AIM OF THE TASK —
Copy word for word, please, the lines of the entries below running from the one containing "Standart tampon çözümleri" to the one containing "50+ Green Nail", both ends included.

TASK MATERIAL —
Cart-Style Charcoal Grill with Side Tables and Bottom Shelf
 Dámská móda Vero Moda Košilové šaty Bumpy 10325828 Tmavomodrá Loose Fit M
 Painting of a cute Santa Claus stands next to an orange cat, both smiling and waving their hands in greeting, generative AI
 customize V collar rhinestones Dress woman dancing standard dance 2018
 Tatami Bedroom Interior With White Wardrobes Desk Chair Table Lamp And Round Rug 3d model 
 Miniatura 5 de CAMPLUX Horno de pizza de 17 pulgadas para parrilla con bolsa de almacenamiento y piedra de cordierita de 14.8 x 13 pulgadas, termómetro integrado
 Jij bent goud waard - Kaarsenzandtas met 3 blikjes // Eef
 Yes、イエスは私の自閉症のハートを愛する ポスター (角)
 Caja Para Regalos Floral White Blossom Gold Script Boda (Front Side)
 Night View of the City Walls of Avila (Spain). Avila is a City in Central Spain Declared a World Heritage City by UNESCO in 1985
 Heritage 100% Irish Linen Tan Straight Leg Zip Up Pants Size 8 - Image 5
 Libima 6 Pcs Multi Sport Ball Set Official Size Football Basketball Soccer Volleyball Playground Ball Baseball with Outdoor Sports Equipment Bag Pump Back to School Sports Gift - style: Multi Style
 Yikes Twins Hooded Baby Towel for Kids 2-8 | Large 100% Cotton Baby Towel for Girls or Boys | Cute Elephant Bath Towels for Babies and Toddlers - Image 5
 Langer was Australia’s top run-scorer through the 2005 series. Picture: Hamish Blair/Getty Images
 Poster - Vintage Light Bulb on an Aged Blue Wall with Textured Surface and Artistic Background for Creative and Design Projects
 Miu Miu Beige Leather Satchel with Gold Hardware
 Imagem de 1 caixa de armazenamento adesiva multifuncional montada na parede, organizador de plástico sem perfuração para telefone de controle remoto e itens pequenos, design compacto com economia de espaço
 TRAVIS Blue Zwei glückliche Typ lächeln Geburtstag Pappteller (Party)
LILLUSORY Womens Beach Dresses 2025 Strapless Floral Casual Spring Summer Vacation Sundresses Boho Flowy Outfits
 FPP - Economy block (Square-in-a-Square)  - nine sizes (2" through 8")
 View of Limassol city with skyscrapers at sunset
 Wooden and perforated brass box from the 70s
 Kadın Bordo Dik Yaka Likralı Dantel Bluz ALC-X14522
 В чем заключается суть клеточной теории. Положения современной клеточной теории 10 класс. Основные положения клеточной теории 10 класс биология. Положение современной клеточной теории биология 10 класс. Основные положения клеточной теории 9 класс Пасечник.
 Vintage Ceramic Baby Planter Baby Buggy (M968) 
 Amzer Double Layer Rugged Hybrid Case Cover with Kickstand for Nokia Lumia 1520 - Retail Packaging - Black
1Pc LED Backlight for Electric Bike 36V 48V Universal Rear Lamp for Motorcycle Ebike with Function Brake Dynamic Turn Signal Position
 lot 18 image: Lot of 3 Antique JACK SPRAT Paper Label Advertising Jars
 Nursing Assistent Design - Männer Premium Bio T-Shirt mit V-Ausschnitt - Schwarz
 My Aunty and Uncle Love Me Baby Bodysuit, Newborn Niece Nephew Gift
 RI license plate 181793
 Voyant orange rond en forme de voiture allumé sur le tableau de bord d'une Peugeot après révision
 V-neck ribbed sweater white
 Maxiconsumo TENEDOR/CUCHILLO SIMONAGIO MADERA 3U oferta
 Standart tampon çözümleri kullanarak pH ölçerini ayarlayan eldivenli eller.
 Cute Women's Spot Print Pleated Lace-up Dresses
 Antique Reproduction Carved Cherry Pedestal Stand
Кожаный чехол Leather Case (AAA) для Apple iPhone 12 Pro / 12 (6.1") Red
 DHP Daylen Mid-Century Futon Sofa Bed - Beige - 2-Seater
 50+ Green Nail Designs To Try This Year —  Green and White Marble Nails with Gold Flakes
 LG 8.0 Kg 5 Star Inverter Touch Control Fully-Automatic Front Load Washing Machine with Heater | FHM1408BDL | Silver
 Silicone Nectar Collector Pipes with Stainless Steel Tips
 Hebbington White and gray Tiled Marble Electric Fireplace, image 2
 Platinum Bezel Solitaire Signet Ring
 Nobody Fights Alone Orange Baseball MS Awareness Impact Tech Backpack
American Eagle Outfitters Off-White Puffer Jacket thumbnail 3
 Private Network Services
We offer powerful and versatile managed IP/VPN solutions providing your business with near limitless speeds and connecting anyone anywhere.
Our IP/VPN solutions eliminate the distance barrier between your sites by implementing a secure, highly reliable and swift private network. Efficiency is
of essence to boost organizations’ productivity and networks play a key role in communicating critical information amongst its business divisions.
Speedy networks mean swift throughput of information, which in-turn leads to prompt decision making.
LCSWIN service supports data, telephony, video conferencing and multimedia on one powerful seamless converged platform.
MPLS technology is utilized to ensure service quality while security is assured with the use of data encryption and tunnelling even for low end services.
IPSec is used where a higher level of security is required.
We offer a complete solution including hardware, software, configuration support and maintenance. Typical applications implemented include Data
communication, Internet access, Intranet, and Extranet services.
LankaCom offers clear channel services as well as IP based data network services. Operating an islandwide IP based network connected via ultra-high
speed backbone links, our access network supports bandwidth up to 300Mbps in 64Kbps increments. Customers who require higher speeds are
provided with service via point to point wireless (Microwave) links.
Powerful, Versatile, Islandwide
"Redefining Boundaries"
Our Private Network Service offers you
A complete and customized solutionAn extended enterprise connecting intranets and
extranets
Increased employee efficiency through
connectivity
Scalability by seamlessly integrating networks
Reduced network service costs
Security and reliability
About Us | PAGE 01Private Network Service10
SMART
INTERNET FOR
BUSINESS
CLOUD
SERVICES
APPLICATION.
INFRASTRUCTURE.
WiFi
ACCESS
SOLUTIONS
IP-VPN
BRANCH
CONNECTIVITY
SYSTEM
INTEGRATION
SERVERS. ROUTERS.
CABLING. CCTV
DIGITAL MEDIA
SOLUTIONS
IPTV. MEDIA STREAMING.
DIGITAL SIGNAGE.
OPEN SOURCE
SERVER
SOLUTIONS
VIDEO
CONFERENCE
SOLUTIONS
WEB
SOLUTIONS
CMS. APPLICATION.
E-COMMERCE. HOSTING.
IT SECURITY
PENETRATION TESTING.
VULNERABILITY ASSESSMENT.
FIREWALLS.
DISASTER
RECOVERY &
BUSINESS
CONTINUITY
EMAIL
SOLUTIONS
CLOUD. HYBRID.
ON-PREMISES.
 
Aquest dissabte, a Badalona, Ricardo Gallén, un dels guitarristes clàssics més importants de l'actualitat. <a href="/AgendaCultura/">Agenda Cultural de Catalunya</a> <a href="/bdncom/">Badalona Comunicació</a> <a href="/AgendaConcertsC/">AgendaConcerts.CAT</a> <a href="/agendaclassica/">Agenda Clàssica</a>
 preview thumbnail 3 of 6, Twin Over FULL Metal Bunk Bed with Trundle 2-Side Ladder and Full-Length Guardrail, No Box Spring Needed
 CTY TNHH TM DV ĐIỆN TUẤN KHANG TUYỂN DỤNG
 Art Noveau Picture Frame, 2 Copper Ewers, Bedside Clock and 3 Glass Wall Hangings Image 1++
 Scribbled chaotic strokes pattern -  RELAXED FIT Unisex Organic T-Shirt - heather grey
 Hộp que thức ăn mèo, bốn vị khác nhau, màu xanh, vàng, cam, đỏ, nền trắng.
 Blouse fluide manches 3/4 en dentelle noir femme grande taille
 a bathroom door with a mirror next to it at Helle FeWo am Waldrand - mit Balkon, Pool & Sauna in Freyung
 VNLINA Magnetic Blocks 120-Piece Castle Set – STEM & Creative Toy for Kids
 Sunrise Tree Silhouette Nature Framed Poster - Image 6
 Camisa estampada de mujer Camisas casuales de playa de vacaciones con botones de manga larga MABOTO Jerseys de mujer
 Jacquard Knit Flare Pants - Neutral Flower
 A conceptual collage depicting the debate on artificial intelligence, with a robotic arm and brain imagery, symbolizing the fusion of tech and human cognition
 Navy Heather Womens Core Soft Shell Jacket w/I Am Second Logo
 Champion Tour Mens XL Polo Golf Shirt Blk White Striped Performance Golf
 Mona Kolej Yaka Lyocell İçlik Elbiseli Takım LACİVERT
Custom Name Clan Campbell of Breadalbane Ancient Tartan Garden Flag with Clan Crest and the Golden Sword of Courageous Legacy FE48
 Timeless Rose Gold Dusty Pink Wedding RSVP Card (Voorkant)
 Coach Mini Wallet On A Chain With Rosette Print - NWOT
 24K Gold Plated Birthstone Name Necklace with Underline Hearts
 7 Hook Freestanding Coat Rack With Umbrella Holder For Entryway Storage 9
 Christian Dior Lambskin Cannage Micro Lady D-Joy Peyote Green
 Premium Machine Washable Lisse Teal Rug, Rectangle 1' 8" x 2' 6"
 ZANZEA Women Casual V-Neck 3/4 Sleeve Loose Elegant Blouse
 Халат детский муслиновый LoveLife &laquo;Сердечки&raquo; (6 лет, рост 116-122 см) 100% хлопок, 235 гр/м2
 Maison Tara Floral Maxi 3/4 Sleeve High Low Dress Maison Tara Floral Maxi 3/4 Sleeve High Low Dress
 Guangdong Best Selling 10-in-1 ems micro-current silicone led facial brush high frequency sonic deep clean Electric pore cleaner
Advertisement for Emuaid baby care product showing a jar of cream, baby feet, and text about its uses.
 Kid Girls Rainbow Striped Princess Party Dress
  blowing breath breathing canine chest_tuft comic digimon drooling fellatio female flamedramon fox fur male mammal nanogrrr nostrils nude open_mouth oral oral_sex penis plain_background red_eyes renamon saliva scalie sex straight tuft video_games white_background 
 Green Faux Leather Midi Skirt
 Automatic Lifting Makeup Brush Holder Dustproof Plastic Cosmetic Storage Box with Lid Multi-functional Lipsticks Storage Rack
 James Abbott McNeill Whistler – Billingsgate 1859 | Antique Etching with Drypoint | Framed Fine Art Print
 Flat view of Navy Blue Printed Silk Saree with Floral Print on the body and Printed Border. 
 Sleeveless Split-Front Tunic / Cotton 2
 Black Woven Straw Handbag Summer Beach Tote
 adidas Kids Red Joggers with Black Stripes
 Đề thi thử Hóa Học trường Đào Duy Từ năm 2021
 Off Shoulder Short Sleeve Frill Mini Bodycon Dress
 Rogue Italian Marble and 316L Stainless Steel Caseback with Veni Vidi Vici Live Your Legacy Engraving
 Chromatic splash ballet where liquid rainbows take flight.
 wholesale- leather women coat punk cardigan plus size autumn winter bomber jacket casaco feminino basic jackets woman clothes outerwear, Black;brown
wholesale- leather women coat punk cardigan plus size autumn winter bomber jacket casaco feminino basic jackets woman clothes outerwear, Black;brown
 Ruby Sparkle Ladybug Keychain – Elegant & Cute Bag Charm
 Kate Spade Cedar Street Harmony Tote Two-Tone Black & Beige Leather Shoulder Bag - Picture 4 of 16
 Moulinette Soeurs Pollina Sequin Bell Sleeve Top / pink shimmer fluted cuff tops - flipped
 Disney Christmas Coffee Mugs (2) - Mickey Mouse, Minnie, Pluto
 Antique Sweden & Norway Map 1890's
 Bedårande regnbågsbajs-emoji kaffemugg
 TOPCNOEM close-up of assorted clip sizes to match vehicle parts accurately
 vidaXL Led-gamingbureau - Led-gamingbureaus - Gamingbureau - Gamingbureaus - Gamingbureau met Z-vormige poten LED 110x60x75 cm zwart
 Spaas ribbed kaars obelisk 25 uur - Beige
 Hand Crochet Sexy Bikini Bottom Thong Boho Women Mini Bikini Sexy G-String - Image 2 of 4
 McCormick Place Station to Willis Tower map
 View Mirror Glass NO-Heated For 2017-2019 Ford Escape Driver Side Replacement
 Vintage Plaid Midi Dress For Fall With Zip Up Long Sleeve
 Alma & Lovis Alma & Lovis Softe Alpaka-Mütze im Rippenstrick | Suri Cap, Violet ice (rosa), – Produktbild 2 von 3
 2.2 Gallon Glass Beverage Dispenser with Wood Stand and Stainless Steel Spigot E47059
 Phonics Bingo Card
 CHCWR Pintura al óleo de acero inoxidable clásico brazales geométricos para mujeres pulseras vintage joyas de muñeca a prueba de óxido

RESPONSE BOX —
 Standart tampon çözümleri kullanarak pH ölçerini ayarlayan eldivenli eller.
 Cute Women's Spot Print Pleated Lace-up Dresses
 Antique Reproduction Carved Cherry Pedestal Stand
Кожаный чехол Leather Case (AAA) для Apple iPhone 12 Pro / 12 (6.1") Red
 DHP Daylen Mid-Century Futon Sofa Bed - Beige - 2-Seater
 50+ Green Nail Designs To Try This Year —  Green and White Marble Nails with Gold Flakes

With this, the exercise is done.